WORK TASK: An exact copy of the line containing "pilots and no" and of every line after it, through the last line of the material, is what should be returned.
<<<<
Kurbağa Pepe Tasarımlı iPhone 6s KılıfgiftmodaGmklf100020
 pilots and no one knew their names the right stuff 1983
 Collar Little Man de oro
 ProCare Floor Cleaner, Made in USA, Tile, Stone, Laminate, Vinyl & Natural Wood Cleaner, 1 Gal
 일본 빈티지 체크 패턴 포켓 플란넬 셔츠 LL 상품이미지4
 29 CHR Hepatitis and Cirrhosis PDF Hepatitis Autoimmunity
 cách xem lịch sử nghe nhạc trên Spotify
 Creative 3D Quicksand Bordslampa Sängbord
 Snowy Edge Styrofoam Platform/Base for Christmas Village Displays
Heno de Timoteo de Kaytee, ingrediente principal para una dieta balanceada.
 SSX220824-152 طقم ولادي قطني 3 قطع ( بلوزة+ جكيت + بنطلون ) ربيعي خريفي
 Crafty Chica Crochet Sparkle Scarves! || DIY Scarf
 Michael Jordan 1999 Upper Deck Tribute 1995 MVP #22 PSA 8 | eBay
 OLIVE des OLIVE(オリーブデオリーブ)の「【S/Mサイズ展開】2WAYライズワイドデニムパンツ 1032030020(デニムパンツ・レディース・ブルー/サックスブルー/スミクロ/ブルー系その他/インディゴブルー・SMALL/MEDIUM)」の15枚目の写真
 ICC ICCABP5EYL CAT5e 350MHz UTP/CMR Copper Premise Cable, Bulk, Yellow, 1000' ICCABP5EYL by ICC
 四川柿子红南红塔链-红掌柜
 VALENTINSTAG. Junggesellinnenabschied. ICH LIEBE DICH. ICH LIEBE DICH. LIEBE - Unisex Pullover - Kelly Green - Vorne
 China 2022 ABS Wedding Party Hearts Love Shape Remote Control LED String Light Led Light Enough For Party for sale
>>>>
EXERCISE RESULT:
 pilots and no one knew their names the right stuff 1983
 Collar Little Man de oro
 ProCare Floor Cleaner, Made in USA, Tile, Stone, Laminate, Vinyl & Natural Wood Cleaner, 1 Gal
 일본 빈티지 체크 패턴 포켓 플란넬 셔츠 LL 상품이미지4
 29 CHR Hepatitis and Cirrhosis PDF Hepatitis Autoimmunity
 cách xem lịch sử nghe nhạc trên Spotify
 Creative 3D Quicksand Bordslampa Sängbord
 Snowy Edge Styrofoam Platform/Base for Christmas Village Displays
Heno de Timoteo de Kaytee, ingrediente principal para una dieta balanceada.
 SSX220824-152 طقم ولادي قطني 3 قطع ( بلوزة+ جكيت + بنطلون ) ربيعي خريفي
 Crafty Chica Crochet Sparkle Scarves! || DIY Scarf
 Michael Jordan 1999 Upper Deck Tribute 1995 MVP #22 PSA 8 | eBay
 OLIVE des OLIVE(オリーブデオリーブ)の「【S/Mサイズ展開】2WAYライズワイドデニムパンツ 1032030020(デニムパンツ・レディース・ブルー/サックスブルー/スミクロ/ブルー系その他/インディゴブルー・SMALL/MEDIUM)」の15枚目の写真
 ICC ICCABP5EYL CAT5e 350MHz UTP/CMR Copper Premise Cable, Bulk, Yellow, 1000' ICCABP5EYL by ICC
 四川柿子红南红塔链-红掌柜
 VALENTINSTAG. Junggesellinnenabschied. ICH LIEBE DICH. ICH LIEBE DICH. LIEBE - Unisex Pullover - Kelly Green - Vorne
 China 2022 ABS Wedding Party Hearts Love Shape Remote Control LED String Light Led Light Enough For Party for sale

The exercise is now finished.